The Tenth Degree: Jeremiah Stone

Chef Jeremiah Stone praises a classic sandwich, quotes Soltner, and tells us about cooking with his mother.

Jeremiah Stone
Courtesy of Jeremiah Stone

Behind an unobtrusive door on a relatively untraveled stretch of Orchard Street in New York City, Jeremiah Stone, along with his partner Fabian von Hauske, spends his nights wowing diners with a set 5-course menu at Contra, which received a rave review from The New York Times shortly after it opened a couple years ago. (Restaurant critic Pete wells called one of the dishes "truly expressive cooking, exploring shades of flavor more watercolor than acrylic.") Much has been made of the relative youth of the co-chefs—von Hauske was 23 when Contra opened, Stone 28—but Stone traveled and cooked in Europe, worked alongside legend Andre Soltner and food scientist Dave Arnold at the French Culinary Institute, and helped to open up Isa with Ignacio Mattos before giving his own place a whirl. Contra bills itself as serving "contemporary New York cuisine," believable only if wheat berry risotto with uni and clams is the natural, modern extension of a slice of pizza, but diners don't seem to care much about the label—they pack the place nightly. Read more about Stone's hopes, fears, and box of treasures.

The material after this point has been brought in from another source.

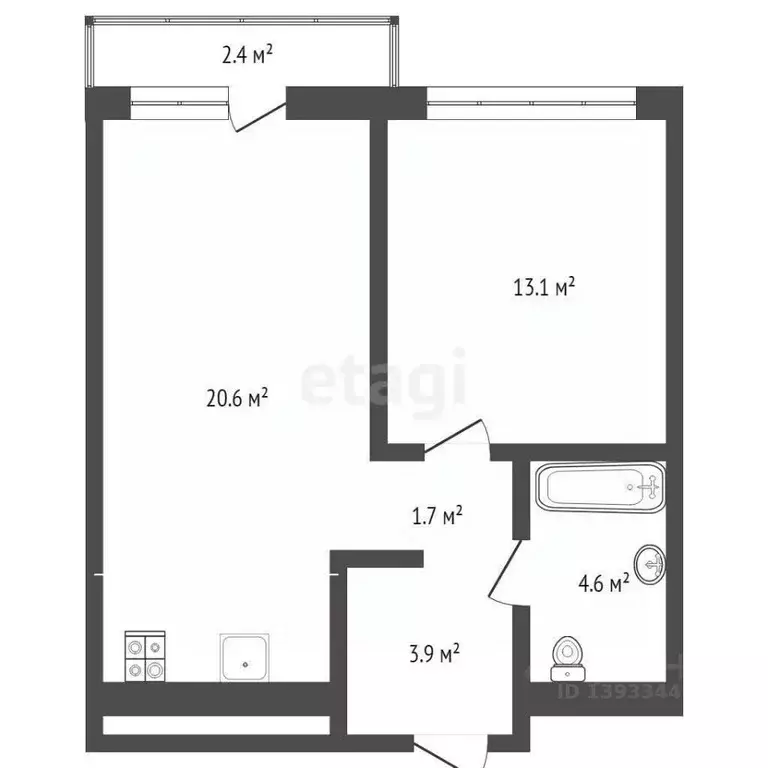 1-к кв. Тюменская область, Тюмень ул. Молодогвардейцев, 5к1 (43.0 м) - Фото 2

What is your favorite sandwich?
I don't know why, but I have some emotional attachment to a pastrami on club at Katz's. I've been going there since I was a kid and it's always the same and I love it. Pastrami on club, extra mustard, fries. It's clichéd, but who cares.

Your house is on fire and you can only save one thing. What is it and why?
My wife! She probably escaped anyway, so in that case my box of treasures which is just random stuff that I collect from around the world that my wife and I put in a box labeled "treasures".

What book(s) is on your bedside table right now?
I hardly read, but I have been wanting to re-read The Perfectionist, which is about Bernard Louiseau and the generations of French chefs he influenced.

You're having a dinner party and can invite three people, dead or alive, and serve them one thing. Who are they, what do you serve, and why?
I'll invite Ignacio Mattos, Giovanni Passerini, and Inaki Aizpitarte. They are three chefs that I like to eat and cook with and really make me laugh. I'll make something like a Chinese-American noodle dish. They wouldn't know what to think and it would be fun to just to cook something soulful.

What is your greatest fear?
Being alone.

What is the most overrated ingredient?
Black pepper.

Underrated?
Fresh bay leaf

You can have any superpower. What is it and why?
To fly, so I can be on time.

What's the first thing you learned to cook?
Dumplings with my mom, sitting on her lap at 5 years old.

What is the best advice you've ever gotten, and from whom?
"More sauce, you have to give them sauce!" from Andre Soltner.

What's the last meal you want to eat before you die?
A giant roast veal sweetbread. And potatoes.